Even Successful People Overlook These 5 Simple Self-Promotion Tips

For better or worse, self-promotion makes the world go round.

The trick is tooting your own horn without coming off as a self-absorbed jerk. Forbes contributor Bruce Kasanoff wrote a book about this very topic; his position boils down to this simple maxim: “Help others, and you will benefit, too.”

Kasanoff is onto something, but simply scratching your peers’ backs on the expectation that they’ll scratch yours does not a career make. Even successful people overlook these five lesser-known self-promotion tips that let them stand front and center without worrying about stealing the show.

 1.Give Some of the Best Stuff Away for Free

 This is actually a modified Kasanoff tip. Kasanoff writes, “[t]he secret to success in social media is to give valuable ideas away for free. What you get back over the long run is worth more than what you ‘gave away.’”

This is marketing 101. Giving away quality bits of wisdom or expertise is a great way to burnish your credibility and enter the rarefied ranks of bona fide thought leaders. Sure, you’ll miss out on whatever marginal gain you might have otherwise extracted, but good will almost always outlives money.

 2.Set Up Personal Profiles on Lesser-Known Directories & Social Platforms

 This is more of a housekeeping tip than any sort of “secret sauce” advice.

Like it or not, you know better than anyone that your public persona is an open book. Before they ever reach out to you, people Google you. What they find on that all-important first results page means much for what happens next. A thin or sketchy presence might permanently turn them off; a robust, multifaceted, genuine online footprint is likely to ingratiate them.

Influencing your online search results is a numbers game. You might already have personal or professional social profiles on top-of-mind platforms like Facebook and LinkedIn. What about lesser-known directories that might, if anything, be more relevant to the sorts of audiences you’re trying to appeal to?

We’re talking directories like Crunchbase, Merchant Circle, Manta. If there’s even a shadow of a justification for you to appear on such sites, take the time to set up a profile. Film producer David Mimran might not be actively seeking funding for his studio, but that’s not about to stop him from maintaining his Crunchbase profile.

3.Say It Straight

 Be as verbose in your self-promotion as you see fit. But don’t get bogged down by buzzwords and truisms that go out of style almost as fast as they fly out of your mouth. You don’t sound any smarter for it.
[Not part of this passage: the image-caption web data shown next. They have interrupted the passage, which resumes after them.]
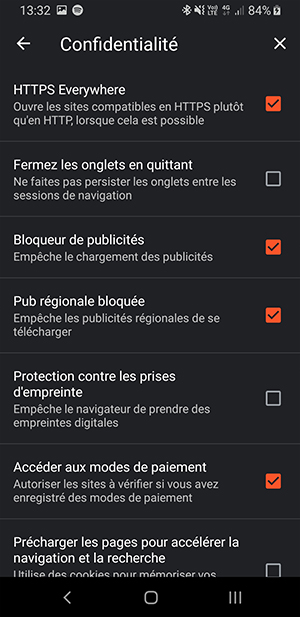 Brave mobile - gestion de la vie privée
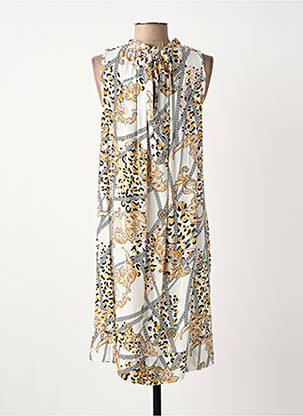 Robe mi-longue imprimé fantaisie sans manche blanc COULEURS DU TEMPS femme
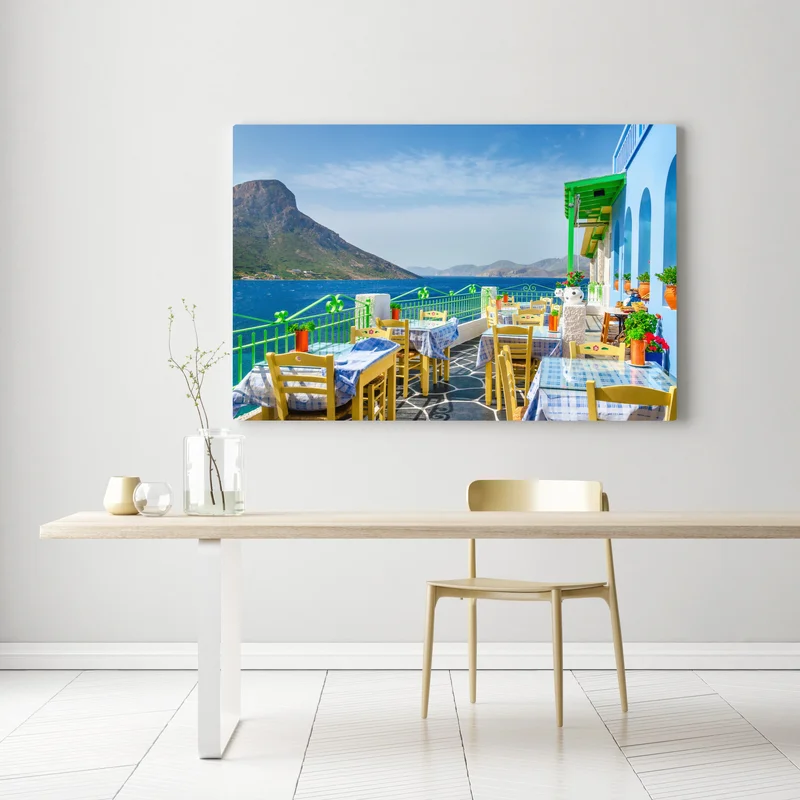 Leinwandbild sonnige terrasse am meer mit küstenblick Leinwandbild sonnige terrasse am meer mit küstenblick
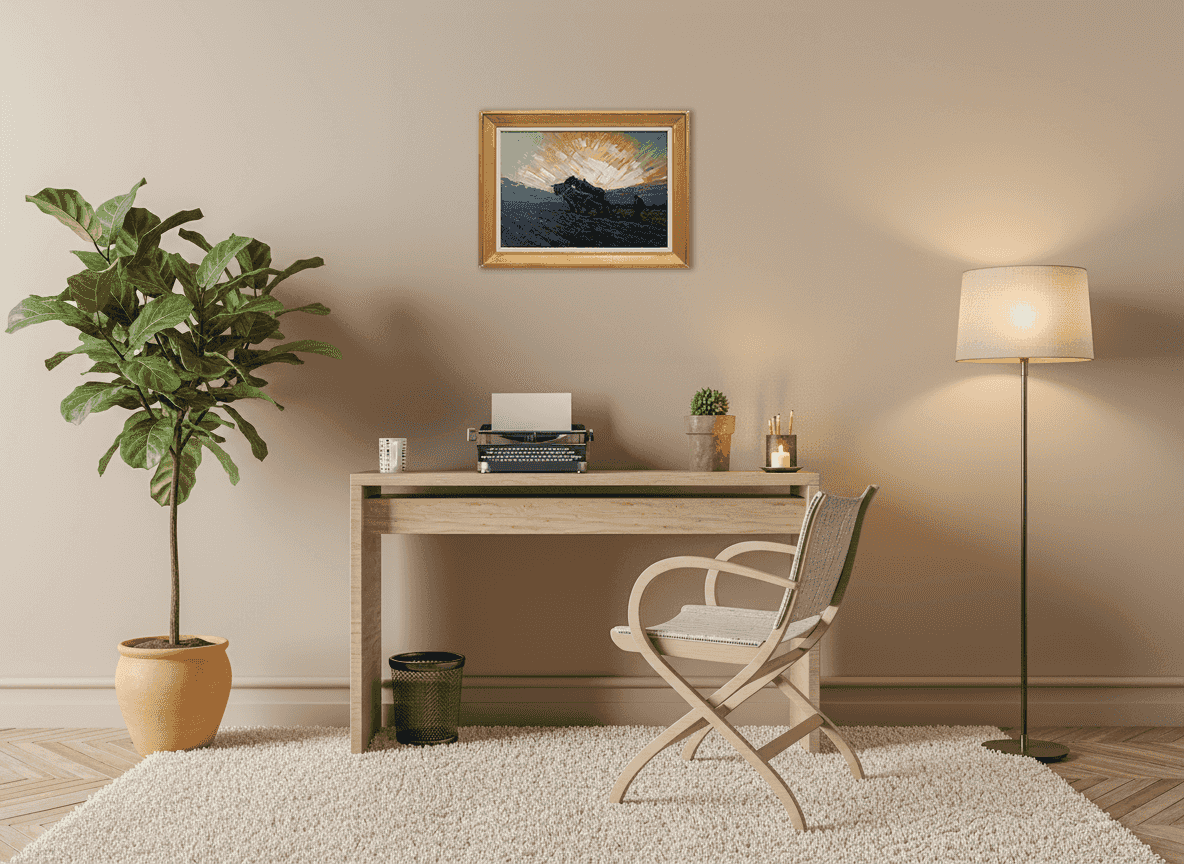 Herman Gouwe - Ploegende boer (in interieur)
Instead, speak about yourself — and matters on which you can legitimately opine as an expert — in language lay people can understand.
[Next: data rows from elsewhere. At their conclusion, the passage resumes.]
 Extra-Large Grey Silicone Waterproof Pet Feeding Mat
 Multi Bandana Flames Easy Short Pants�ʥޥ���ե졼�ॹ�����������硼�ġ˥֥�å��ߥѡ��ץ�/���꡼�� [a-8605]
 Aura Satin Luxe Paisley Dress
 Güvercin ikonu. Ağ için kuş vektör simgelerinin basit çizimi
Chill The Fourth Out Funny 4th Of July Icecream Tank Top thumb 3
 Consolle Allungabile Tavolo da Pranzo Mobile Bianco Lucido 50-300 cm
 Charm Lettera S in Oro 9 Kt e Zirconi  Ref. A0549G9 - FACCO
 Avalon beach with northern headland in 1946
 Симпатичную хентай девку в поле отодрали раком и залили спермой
 4.Keep a Tight Portfolio and Hammer It Consistently

 Just as there’s no reason to go all-in on buzzwords and catchphrases, there’s little upside in leaving your wheelhouse (straying outside your lane, if you prefer) simply to get a word in. Focus on the quality and value of the content you produce and disseminate, not quality.

 5.Schedule Open-Ended, Mutually Beneficial Conversations

 This tip edges back toward “scratch my back” territory, and it’s not without its detractors.

One potent argument against “meeting for the sake of meeting” is that, well, it’s a waste of time. It’s true that any meeting, fruitful or not, takes time. Whether that time is wasted is up to the parties to decide for themselves.

Meeting without a tightly defined agenda can be productive, though; even serendipitous. One structured variant is 1 Million Cups, the seemingly ubiquitous entrepreneur meetup series. Even if you’re not pitching to a room full of your peers, a spitball session with one or two potential vendors, clients, mentors, or fixers can open unexpected doors — or simply get your name out in the right circles.

Now, multiply that by 10 or 15 meetings a month and we’re talking.

 What’s Your Self-Promotion Secret?

 These aren’t the only low-key self-promotion tips worth pursuing. Chances are good you have a couple go-to strategies. You don’t have to share, as long as you keep pounding that pavement.